"M jak miłość" odcinek 1759 - poniedziałek, 20.11.2023, o godz. 20.55 w TVP2
W 1759 odcinku "M jak miłość" Sylwia wreszcie zdobędzie się na odwagę i dojdzie do konfrontacji jej i Andrzeja. Przypomnijmy, że Kostecka cały czas wierzyła, że Budzyński skrzywdził, a może nawet zabił, jej przyjaciółkę i nie miała pojęcia, że została zmanipulowana przez Julię (Marta Chodorowska). Po tajemniczym zniknięciu Malickiej robiła wszystko, byle tylko zniszczyć prawnika. Napuściła na niego media, przez co mężczyzna tracił klientów kancelarii, a dla opinii publicznej stał się podejrzany. Każdy uważał, że Andrzej naprawdę mógł zniszczyć byłą kochankę, która tak naprawdę wypoczywała we Włoszech... Sylwia zrozumiała swój błąd dopiero po powrocie przyjaciółki do Polski, kiedy zorientowała się, że nic jej nie było, a po prostu wrabiała każdego i próbowała wsadzić Budzyńskiego za kraty jej rękoma! Julia wiedziała bowiem dobrze, że charakterek Sylwii nie pozwoli jej na pozostawienie sprawy zniknięcia "od tak". Nie przeliczyła się, ale Sylwia po jej powrocie nie chce mieć z nią nic wspólnego za wszystkie oszustwa!

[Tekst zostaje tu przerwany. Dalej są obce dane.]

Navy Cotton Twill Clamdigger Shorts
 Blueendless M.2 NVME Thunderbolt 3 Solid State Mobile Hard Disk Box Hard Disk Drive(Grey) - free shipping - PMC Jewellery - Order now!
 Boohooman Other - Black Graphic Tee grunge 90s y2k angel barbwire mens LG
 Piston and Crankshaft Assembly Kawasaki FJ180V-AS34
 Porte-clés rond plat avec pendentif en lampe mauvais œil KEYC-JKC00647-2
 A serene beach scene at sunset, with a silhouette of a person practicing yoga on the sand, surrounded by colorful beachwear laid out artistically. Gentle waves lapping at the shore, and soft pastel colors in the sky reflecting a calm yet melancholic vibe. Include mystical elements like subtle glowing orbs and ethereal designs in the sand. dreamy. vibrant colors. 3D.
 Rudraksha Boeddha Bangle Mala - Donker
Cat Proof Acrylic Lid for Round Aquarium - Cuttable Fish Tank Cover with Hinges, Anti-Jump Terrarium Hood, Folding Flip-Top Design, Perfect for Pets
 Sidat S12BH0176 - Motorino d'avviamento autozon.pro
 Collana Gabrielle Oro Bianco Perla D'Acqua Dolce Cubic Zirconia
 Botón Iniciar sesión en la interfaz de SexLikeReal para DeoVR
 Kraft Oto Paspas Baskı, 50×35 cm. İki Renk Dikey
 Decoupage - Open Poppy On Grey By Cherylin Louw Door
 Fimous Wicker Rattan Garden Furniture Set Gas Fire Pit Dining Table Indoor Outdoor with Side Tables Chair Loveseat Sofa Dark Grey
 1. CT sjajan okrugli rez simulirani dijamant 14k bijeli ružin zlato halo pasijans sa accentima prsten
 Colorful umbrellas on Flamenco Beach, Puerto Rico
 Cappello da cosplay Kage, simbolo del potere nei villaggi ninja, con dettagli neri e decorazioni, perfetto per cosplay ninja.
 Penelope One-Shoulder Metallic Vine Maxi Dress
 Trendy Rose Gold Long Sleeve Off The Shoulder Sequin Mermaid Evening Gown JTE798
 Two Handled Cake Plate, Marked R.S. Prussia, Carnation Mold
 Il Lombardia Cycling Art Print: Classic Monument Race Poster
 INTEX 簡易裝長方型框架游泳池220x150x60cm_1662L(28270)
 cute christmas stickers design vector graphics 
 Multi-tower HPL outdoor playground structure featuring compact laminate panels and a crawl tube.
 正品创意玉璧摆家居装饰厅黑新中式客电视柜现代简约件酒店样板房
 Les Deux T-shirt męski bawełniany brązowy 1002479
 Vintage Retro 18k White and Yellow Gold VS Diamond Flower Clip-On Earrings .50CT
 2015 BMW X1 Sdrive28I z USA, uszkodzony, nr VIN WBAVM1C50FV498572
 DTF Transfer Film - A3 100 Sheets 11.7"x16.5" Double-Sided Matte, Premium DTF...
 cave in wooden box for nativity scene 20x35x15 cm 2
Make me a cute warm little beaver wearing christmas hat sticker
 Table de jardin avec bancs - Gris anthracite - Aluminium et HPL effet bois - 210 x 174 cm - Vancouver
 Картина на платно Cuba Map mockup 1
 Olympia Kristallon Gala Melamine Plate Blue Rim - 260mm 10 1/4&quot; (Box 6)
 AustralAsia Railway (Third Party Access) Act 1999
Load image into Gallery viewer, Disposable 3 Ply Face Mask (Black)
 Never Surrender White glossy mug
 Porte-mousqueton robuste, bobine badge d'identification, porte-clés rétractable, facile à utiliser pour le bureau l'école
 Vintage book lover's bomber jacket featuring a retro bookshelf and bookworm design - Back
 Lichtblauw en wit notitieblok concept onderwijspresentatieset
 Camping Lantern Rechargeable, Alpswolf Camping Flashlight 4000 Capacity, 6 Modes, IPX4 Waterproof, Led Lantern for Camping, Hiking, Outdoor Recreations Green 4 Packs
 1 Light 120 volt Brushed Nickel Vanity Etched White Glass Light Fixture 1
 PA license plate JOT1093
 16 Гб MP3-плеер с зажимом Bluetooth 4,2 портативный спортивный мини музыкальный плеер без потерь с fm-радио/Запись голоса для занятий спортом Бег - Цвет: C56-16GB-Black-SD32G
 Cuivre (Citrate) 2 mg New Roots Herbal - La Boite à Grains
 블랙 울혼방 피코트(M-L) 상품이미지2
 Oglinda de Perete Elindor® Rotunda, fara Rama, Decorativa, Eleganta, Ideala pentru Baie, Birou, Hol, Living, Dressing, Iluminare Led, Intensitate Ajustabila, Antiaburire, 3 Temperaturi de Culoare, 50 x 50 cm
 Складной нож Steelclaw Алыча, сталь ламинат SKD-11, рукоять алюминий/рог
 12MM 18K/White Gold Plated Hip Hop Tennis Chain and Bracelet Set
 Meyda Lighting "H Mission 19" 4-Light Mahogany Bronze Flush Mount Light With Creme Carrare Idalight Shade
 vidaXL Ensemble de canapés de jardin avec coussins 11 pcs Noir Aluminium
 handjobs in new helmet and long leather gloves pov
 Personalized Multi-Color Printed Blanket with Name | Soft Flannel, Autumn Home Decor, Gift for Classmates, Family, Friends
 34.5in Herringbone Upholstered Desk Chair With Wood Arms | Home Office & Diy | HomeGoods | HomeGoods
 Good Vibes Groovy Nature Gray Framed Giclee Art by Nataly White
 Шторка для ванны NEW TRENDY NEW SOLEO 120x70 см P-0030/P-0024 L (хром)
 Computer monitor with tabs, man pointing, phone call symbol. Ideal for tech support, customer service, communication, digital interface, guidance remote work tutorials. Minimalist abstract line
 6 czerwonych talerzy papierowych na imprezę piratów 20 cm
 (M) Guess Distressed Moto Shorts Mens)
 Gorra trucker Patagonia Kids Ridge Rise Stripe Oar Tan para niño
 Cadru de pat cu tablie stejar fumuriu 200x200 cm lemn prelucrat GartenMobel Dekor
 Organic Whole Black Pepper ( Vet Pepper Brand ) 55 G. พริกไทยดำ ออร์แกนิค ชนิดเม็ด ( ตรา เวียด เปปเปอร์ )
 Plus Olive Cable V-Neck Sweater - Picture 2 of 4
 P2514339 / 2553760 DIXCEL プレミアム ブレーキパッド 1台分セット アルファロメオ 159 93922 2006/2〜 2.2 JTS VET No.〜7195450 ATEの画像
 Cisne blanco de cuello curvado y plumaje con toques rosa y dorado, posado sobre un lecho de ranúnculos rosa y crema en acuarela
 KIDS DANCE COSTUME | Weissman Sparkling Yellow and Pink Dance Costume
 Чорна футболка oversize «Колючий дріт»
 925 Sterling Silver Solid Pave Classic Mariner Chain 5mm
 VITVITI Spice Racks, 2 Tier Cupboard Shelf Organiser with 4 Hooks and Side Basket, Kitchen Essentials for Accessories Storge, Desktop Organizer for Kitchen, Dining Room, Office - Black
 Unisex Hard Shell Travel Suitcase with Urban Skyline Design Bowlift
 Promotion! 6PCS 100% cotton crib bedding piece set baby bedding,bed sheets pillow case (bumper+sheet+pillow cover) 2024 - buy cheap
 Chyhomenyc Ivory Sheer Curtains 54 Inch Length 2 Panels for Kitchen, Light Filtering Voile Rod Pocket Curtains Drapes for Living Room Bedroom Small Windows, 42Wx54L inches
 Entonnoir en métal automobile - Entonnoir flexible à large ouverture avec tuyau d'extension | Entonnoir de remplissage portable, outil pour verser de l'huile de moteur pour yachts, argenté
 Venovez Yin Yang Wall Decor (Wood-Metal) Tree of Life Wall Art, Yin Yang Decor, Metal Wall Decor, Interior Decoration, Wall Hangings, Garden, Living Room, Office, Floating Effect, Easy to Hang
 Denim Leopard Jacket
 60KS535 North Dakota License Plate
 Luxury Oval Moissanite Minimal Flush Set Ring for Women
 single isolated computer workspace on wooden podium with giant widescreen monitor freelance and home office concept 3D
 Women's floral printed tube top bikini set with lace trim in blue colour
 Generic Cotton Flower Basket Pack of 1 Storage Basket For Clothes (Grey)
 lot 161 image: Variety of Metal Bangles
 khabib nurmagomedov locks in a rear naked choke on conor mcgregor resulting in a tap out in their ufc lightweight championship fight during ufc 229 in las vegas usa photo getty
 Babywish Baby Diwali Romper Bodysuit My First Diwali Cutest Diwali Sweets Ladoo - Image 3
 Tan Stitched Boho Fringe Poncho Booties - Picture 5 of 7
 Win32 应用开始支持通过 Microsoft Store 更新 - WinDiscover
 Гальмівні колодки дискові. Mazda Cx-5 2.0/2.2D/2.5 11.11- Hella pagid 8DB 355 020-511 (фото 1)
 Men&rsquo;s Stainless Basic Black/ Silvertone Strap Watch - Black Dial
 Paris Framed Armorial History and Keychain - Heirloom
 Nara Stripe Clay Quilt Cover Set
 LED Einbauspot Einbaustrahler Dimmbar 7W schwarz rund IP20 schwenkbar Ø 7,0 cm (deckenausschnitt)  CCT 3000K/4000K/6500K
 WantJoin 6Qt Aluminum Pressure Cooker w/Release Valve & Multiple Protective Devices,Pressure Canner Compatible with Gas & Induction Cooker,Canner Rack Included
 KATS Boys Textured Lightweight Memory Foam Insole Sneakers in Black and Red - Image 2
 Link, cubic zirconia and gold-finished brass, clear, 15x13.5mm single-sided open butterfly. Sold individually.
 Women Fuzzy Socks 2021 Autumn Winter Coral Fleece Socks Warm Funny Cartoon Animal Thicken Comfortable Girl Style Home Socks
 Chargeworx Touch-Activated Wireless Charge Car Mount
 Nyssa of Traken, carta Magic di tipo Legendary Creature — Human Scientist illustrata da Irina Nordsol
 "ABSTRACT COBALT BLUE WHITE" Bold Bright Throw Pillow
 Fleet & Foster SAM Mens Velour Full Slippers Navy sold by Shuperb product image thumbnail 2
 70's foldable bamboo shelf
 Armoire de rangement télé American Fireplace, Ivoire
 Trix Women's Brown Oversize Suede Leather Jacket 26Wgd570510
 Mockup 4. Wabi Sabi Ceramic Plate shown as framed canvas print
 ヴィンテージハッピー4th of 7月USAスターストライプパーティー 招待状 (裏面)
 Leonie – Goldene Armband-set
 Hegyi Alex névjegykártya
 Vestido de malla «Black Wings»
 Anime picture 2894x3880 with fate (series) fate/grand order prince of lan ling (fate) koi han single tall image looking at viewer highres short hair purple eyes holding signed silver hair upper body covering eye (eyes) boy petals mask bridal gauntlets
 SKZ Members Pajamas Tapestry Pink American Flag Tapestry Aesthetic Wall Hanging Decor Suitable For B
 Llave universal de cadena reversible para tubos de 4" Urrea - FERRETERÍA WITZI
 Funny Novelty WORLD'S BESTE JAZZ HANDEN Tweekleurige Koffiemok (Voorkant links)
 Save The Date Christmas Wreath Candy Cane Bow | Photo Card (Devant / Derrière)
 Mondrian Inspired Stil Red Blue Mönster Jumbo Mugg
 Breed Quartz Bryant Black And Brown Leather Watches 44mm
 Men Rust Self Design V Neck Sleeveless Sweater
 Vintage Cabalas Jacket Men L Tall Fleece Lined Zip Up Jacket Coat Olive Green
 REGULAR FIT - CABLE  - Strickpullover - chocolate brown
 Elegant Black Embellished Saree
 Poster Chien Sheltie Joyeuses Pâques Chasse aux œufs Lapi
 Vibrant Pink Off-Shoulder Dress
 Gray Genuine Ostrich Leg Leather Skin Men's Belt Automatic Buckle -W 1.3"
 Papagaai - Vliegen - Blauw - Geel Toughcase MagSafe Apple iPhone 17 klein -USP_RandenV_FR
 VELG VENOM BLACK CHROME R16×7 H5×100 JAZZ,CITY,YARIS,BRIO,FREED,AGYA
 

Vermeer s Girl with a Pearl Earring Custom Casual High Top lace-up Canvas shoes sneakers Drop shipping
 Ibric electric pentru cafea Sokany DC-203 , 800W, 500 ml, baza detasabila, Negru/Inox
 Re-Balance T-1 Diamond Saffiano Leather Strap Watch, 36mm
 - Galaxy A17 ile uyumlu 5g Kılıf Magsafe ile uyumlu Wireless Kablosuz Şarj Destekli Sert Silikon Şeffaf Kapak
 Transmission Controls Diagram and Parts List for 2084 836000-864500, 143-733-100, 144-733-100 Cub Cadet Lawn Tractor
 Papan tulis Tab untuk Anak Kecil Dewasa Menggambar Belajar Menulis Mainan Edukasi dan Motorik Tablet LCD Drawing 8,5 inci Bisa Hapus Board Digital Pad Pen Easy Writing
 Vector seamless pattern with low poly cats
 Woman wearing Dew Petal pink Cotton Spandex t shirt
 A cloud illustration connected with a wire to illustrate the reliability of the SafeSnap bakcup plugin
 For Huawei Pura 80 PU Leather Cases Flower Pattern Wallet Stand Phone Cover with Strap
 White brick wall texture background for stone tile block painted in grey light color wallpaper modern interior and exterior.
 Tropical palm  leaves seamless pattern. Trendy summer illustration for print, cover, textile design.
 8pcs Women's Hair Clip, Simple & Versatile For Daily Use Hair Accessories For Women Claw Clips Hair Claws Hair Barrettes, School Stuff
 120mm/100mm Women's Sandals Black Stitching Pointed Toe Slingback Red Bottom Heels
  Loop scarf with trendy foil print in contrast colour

Dopiero w 1759 odcinku "M jak miłość" Sylwia zyska bardzo dobrą sposobność do tego, by wreszcie wyjaśnić z Andrzejem kilka spraw. To Anita (Melania Grzesiewicz) zaprosi kochankę Adama do siedliska, gdzie zostanie zorganizowana jego impreza urodzinowa. - Dzięki za zaproszenie, ale szczerze powiedziawszy nie wiem jak spojrzałabym w oczy Andrzejowi - przyzna Kostecka, kiedy Laskowska powie jej o przyjściu na imprezę.
- To może być dobra okazja do tego, żeby oczyścić atmosferę - przyzna Anita, co poskutkuje tym, że kobieta faktycznie zjawi się w siedlisku i poprosi Budzyńskiego o rozmowę.
Andrzej wybaczy Sylwii próbę zniszczenia jego życia?
- Andrzej, ja powinnam zrobić to już dawno... Bardzo cię za wszystko przepraszam! Za te obrzydliwą nagonkę, ja wiem, że to mnie nie tłumaczy, ale Julia mnie oszukała i wykorzystała! Ja nie sądziłam, że ona jest do tego zdolna - wydusi z siebie Sylwia w 1759 odcinku "M jak miłość".
- Sylwia, wiesz... Ja nie mam żalu, ale... - Andrzej nie tak łatwo wybaczy kochance Wernera.
- Ja nigdy jej tego nie wybaczę, ani sobie naiwności, przepraszam - przyzna Sylwia, ale chociaż mąż Magdy doceni szczerość, nie tak od razu zapomni o wszystkim co go spotkało.